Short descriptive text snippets
....

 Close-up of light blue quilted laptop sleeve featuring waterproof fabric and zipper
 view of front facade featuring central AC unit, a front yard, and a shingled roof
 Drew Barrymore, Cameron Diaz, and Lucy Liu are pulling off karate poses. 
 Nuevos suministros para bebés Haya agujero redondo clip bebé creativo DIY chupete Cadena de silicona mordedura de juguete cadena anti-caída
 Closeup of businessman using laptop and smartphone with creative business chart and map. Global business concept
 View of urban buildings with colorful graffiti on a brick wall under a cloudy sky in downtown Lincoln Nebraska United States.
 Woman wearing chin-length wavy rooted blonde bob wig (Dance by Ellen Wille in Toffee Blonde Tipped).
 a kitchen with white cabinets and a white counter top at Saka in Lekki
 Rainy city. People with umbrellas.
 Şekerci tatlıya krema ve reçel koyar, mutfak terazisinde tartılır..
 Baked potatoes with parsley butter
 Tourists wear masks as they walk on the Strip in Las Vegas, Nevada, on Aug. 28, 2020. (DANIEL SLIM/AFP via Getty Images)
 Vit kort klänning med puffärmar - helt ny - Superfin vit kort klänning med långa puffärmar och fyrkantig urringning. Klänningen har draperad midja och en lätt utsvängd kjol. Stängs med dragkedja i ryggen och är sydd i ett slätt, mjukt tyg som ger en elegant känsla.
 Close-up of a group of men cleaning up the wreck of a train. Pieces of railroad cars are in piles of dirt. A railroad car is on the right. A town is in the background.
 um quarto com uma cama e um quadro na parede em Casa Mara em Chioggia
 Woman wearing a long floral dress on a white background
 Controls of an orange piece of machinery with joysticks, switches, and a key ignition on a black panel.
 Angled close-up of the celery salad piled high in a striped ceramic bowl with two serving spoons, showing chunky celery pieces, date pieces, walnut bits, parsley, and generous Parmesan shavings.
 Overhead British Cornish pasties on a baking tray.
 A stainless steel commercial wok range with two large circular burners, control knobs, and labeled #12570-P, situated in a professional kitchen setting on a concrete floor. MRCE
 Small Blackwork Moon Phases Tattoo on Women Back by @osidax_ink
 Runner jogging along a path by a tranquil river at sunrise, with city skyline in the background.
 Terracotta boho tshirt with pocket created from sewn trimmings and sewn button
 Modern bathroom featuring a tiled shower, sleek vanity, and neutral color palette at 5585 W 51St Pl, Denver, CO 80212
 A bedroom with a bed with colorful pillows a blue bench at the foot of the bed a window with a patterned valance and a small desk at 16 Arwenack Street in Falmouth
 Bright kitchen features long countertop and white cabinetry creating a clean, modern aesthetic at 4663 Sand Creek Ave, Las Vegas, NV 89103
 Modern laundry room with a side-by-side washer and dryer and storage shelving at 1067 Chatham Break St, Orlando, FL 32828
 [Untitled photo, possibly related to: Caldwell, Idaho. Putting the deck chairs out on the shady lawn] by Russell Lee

....

◆ What the exercise asks:
In the entries above, identify every line with the word "background". Copy those lines.

◆ Task answer:
 Close-up of a group of men cleaning up the wreck of a train. Pieces of railroad cars are in piles of dirt. A railroad car is on the right. A town is in the background.
 Woman wearing a long floral dress on a white background
 Runner jogging along a path by a tranquil river at sunrise, with city skyline in the background.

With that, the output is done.